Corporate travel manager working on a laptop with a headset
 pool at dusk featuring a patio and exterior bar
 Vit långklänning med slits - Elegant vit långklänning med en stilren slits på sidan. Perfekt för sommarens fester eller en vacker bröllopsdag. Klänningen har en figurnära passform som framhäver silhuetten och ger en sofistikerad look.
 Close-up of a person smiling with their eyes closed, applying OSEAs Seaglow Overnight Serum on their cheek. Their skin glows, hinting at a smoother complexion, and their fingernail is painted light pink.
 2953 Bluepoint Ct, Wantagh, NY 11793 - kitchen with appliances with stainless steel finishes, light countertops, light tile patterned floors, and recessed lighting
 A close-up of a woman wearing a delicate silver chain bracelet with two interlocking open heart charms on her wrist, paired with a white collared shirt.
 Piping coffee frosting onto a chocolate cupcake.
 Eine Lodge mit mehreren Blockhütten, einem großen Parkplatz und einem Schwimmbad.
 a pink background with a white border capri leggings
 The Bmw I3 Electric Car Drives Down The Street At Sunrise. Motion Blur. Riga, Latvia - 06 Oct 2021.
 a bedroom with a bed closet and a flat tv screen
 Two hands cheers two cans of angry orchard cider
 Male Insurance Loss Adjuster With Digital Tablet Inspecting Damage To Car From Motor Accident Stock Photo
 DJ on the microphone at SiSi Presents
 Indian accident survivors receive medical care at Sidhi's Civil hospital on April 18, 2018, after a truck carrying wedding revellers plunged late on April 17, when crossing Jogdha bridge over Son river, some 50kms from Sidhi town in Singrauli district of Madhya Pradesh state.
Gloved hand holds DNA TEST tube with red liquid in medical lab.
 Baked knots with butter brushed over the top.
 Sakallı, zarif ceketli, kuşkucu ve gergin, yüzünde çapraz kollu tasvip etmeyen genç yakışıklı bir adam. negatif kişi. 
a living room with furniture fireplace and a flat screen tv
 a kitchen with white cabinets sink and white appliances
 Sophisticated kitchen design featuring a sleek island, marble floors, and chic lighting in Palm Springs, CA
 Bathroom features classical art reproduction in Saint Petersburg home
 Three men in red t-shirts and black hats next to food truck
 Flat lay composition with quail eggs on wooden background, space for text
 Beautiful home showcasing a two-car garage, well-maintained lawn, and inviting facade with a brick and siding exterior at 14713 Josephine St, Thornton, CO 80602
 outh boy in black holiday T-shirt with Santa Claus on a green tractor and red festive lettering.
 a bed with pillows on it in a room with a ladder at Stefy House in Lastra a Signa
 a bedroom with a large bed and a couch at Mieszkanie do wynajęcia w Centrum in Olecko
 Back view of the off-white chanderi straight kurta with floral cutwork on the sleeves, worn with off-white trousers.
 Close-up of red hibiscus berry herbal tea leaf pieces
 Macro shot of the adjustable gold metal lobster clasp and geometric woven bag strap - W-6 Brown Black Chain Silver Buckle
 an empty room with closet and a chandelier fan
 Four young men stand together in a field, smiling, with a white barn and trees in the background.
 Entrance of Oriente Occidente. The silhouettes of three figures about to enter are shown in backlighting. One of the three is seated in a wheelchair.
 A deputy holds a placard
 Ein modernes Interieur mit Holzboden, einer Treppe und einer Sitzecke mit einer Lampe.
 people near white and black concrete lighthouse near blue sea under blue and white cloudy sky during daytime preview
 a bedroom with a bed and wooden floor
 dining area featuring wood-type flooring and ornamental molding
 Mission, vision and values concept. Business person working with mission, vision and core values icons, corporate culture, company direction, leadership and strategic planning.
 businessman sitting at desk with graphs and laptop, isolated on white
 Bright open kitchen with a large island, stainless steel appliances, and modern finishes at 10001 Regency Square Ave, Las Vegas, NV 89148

What needs to be done:
In the records above, the line with "Eine Lodge mit" marks the start and the line with "Four young men" marks the end; copy that stretch exactly, both lines included, and nothing else.

Output of the task:
 Eine Lodge mit mehreren Blockhütten, einem großen Parkplatz und einem Schwimmbad.
 a pink background with a white border capri leggings
 The Bmw I3 Electric Car Drives Down The Street At Sunrise. Motion Blur. Riga, Latvia - 06 Oct 2021.
 a bedroom with a bed closet and a flat tv screen
 Two hands cheers two cans of angry orchard cider
 Male Insurance Loss Adjuster With Digital Tablet Inspecting Damage To Car From Motor Accident Stock Photo
 DJ on the microphone at SiSi Presents
 Indian accident survivors receive medical care at Sidhi's Civil hospital on April 18, 2018, after a truck carrying wedding revellers plunged late on April 17, when crossing Jogdha bridge over Son river, some 50kms from Sidhi town in Singrauli district of Madhya Pradesh state.
Gloved hand holds DNA TEST tube with red liquid in medical lab.
 Baked knots with butter brushed over the top.
 Sakallı, zarif ceketli, kuşkucu ve gergin, yüzünde çapraz kollu tasvip etmeyen genç yakışıklı bir adam. negatif kişi. 
a living room with furniture fireplace and a flat screen tv
 a kitchen with white cabinets sink and white appliances
 Sophisticated kitchen design featuring a sleek island, marble floors, and chic lighting in Palm Springs, CA
 Bathroom features classical art reproduction in Saint Petersburg home
 Three men in red t-shirts and black hats next to food truck
 Flat lay composition with quail eggs on wooden background, space for text
 Beautiful home showcasing a two-car garage, well-maintained lawn, and inviting facade with a brick and siding exterior at 14713 Josephine St, Thornton, CO 80602
 outh boy in black holiday T-shirt with Santa Claus on a green tractor and red festive lettering.
 a bed with pillows on it in a room with a ladder at Stefy House in Lastra a Signa
 a bedroom with a large bed and a couch at Mieszkanie do wynajęcia w Centrum in Olecko
 Back view of the off-white chanderi straight kurta with floral cutwork on the sleeves, worn with off-white trousers.
 Close-up of red hibiscus berry herbal tea leaf pieces
 Macro shot of the adjustable gold metal lobster clasp and geometric woven bag strap - W-6 Brown Black Chain Silver Buckle
 an empty room with closet and a chandelier fan
 Four young men stand together in a field, smiling, with a white barn and trees in the background.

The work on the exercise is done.